When the occasion arrived, and we were able to meet with the Rebbe face to face, it was a majestic scene. My wife asked for a blessing for children, and the Rebbe gave us a few dollars and pieces of honey cake — as is traditional in the period before Yom Kippur.
“Give these [dollars] to charity,” he said, “and you should have good news over the course of this year.”
I had been thinking long and hard before this once-in-a-lifetime opportunity, and I told myself that I needed more than another blessing. I needed guidance. And so, instead of just answering Amen, I tried to have a dialogue with the Rebbe.
“The Rebbe told us to see a doctor who is a friend,” I began, “but the doctors say there’s nothing to do.”
“You should look for another doctor,” the Rebbe said, “until you find a doctor who is truly a friend, who will advise you.”
That was the last time the Rebbe met with the Machne Israel Development Fund before his stroke the following year.
Well-meaning people continued to tell us about doctors all around the world — we saw a doctor in Argentina, in Canada, and several in Israel — but after the Rebbe passed away in 1994, I struggled to continue.
One doctor in Herzliya told me that all these medical institutions were withholding the truth from me.
“The only reason that we’re taking you is because it pays to have American patients.” I was shocked.
While in Israel, I began to spend time with the Amshinover Rebbe, a saintly man whom I became quite close with.
“I came to say goodbye,” I told him one day. “I’m giving up all of the medical treatments, so I don’t know when I will be back in Israel.”
“How can you think of stopping?” he protested. “The Rebbe told you that you’re going to have children!
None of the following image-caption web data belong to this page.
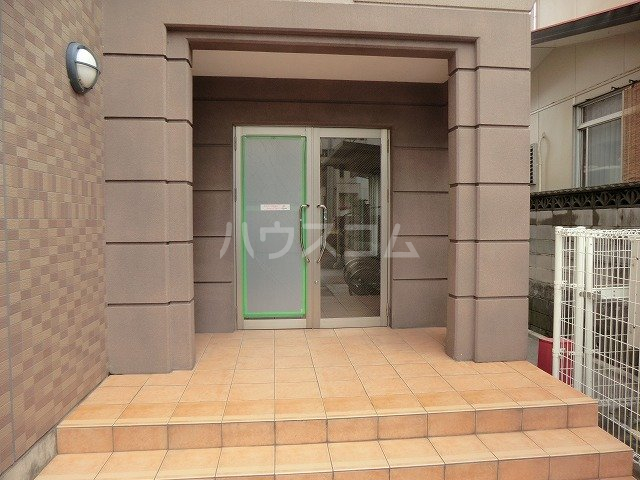 2/8 エントランス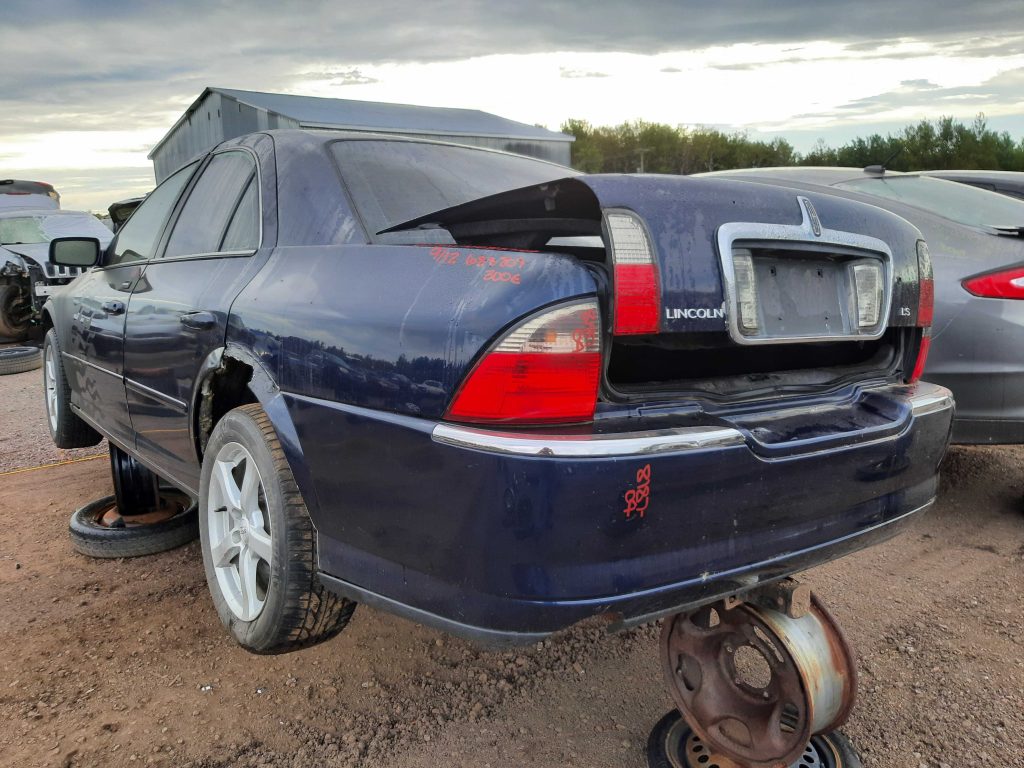 LINCOLN LS 2004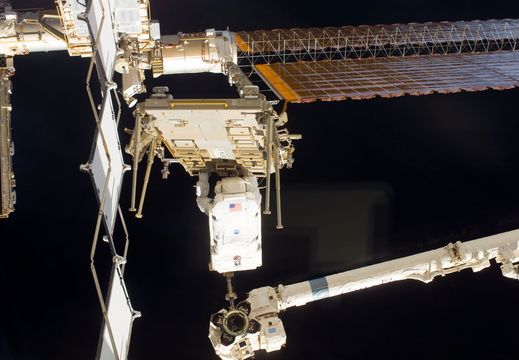 STS116-E-06300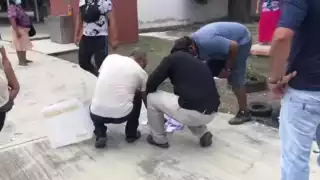 Personas llegaron a los diversos puntos de la isla para destruir las boletas y las urnas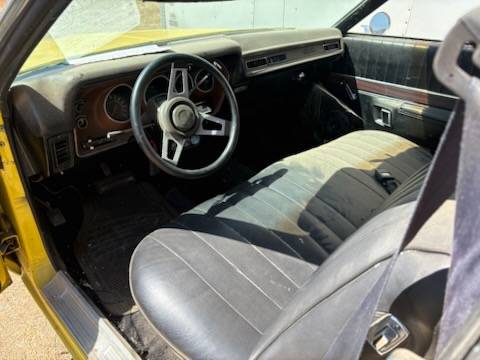 Plymouth-roadrunner-1974-yellow-12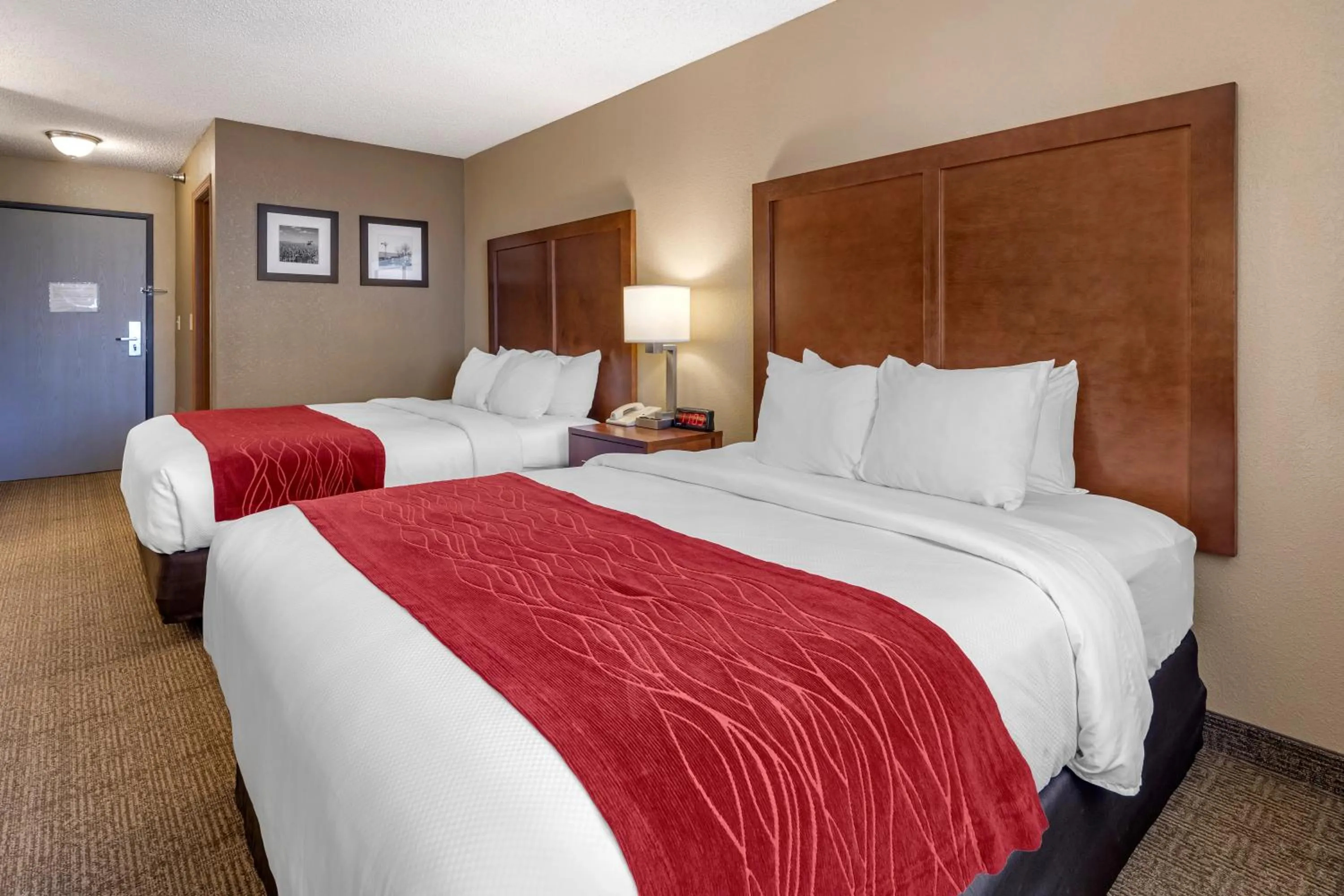 Bedroom, Bed in Comfort Inn & Suites Hays I-70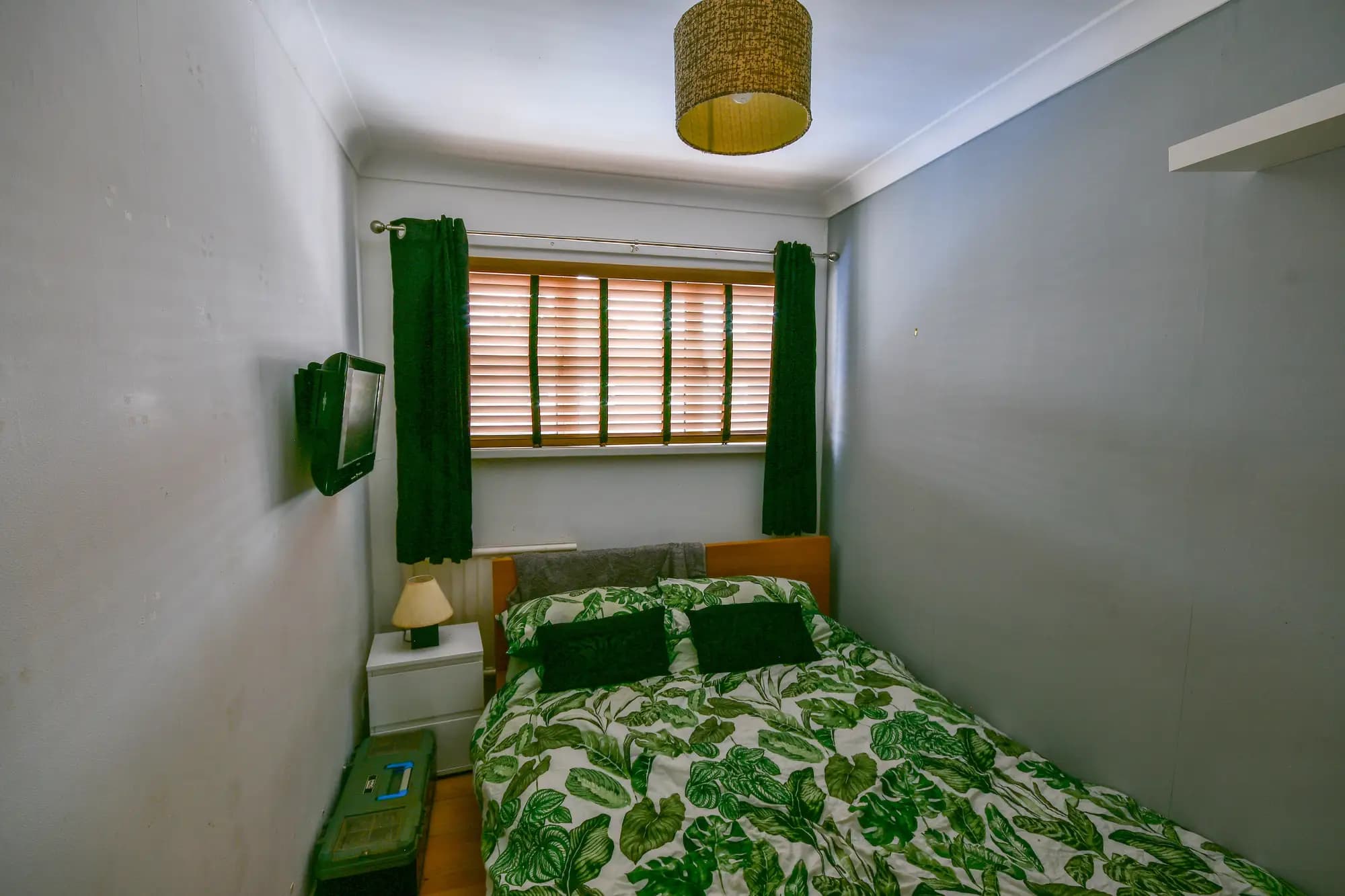 property photo 11 of 16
I want you to go to Dr. Aby Levine in Hadassah Hospital in Ein Kerem. You must go. The Rebbe told you not to stop.”
Had the Rebbe not told me to keep going until we find a doctor who says we can do it, I would certainly have given up. I don’t even know where we found the energy to continue.
But finally, less than a year after that introduction to Dr. Levine — and eighteen years after our wedding — my wife gave birth to twin boys, and then, a year after that, to a little girl. The Rebbe’s guidance and his blessings were finally fulfilled in a beautiful way.
Rabbi Moshe Weiss serves as the director of Chabad of Sherman Oaks, California, while also involved in numerous business and investment ventures. He was interviewed in September 2011.